Quand mon état empirait, j’ai commencé à me renfermer. Mes sentiments d’impuissance et de dévalorisation augmentaient rapidement et j’essayais d’échapper à notre relation. Mais Bojan n’a jamais abandonné, il me montrait son amour et honorait nos vœux de mariage tous les jours. Il a fallu du temps avant que je ne recommence à croire à notre relation.
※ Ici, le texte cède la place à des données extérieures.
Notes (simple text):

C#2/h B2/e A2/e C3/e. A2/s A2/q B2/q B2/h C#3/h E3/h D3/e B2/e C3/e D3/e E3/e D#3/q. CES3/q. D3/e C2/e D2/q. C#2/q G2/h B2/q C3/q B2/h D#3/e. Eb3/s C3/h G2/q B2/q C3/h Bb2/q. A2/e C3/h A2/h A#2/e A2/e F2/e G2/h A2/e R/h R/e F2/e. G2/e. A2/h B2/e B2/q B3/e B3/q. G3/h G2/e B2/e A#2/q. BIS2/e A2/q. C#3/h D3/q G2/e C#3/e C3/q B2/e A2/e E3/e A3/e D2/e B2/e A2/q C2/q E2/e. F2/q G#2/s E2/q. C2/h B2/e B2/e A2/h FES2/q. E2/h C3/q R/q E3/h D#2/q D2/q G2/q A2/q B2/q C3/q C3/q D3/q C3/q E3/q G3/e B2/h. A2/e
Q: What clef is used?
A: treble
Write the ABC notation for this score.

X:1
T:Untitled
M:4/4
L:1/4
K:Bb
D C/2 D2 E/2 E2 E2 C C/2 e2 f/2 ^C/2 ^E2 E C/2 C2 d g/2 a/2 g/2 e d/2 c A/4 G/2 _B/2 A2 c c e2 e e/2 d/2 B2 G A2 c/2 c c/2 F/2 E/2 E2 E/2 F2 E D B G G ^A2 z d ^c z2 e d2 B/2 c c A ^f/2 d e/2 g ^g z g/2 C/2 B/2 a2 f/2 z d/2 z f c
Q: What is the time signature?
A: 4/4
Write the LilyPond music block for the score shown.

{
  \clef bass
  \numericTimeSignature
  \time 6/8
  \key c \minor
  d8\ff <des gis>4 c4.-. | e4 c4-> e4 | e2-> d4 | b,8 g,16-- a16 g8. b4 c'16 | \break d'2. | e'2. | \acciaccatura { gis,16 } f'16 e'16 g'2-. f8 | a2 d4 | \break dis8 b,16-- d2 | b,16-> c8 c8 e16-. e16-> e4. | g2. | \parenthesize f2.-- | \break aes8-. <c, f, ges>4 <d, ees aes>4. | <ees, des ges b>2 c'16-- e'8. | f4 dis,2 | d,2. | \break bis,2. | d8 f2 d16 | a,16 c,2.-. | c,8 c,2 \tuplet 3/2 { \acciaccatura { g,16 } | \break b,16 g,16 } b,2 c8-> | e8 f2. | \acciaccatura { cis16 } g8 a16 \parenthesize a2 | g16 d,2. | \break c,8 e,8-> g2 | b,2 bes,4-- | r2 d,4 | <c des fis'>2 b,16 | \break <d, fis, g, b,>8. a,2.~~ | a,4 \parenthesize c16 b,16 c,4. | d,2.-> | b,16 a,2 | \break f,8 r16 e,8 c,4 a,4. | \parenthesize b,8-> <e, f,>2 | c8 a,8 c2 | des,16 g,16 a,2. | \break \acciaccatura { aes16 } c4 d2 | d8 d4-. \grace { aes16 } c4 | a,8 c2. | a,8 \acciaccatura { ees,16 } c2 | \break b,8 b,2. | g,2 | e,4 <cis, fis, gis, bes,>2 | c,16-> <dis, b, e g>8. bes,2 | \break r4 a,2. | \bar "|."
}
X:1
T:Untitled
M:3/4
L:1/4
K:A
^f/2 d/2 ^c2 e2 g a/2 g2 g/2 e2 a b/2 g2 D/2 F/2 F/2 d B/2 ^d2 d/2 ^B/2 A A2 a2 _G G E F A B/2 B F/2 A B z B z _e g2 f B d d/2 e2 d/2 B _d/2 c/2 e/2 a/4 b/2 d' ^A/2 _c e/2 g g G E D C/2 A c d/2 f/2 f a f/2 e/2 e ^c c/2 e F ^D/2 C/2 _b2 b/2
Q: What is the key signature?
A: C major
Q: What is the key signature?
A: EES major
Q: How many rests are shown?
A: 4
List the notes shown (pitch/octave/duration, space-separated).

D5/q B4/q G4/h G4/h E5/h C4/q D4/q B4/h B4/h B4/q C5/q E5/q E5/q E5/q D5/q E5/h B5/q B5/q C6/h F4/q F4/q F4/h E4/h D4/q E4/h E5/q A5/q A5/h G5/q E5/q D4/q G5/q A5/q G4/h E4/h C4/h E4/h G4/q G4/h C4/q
Quand je me suis finalement avouée à moi-même que Bojan était mon allié, notre relation a commencé à se renforcer et à grandir dans l’amour et la sincérité. C’est l’été dernier, six ans après mon diagnostic, que j’ai cessé de chercher des issues de secours sur terre. C’est seulement maintenant que je vois et que je ressens mon mari que j’aime de tout mon cœur.
Les heures que vous avez passées ensemble à l’hôpital l’été dernier vous ont beaucoup rapprochés, n’est-ce pas ?
Toutes ces années, je ne voulais pas voir la présence tranquille de Bojan à mes côtés. Il m’a toujours montré son amour, son soutien. À d’autres moments, il a dû utiliser des mots durs pour me secouer.
C’est ainsi que nous avançons ensemble, et que nous sommes en mesure de nous arrêter l’un à côté de l’autre. J’étais trop absorbée par ma profession, par la façon de « réprimer » mes maux ; nous ne passions presque plus de temps ensemble. Il faut beaucoup de courage, et je le reçois de mon amour pour Dieu et par conséquent de mon mari. Je remets notre mariage entre les mains de Dieu.
Quelle est l’attitude de vos enfants face à votre maladie ?
Ils ont 11 et 13 ans et ils grandissent avec ma maladie. Ils ont une intuition très développée et savent exactement quand j’ai besoin de repos ou d’aide pour quoi que ce soit. Ils aident beaucoup et sont très indépendants. Ils font toutes sortes de tâches ménagères. Nous prions ensemble, nous parlons beaucoup, il n’y a pas de sujets « interdits » dans notre famille.
Quels sont vos objectifs personnels pour 2018 ?
À en juger par les derniers jours de 2017 et les premiers jours de 2018, cette année sera, je suppose, un pèlerinage de patience et de gratitude. Je crois que la vie m’appelle à une plus grande confiance et à un témoignage plus joyeux.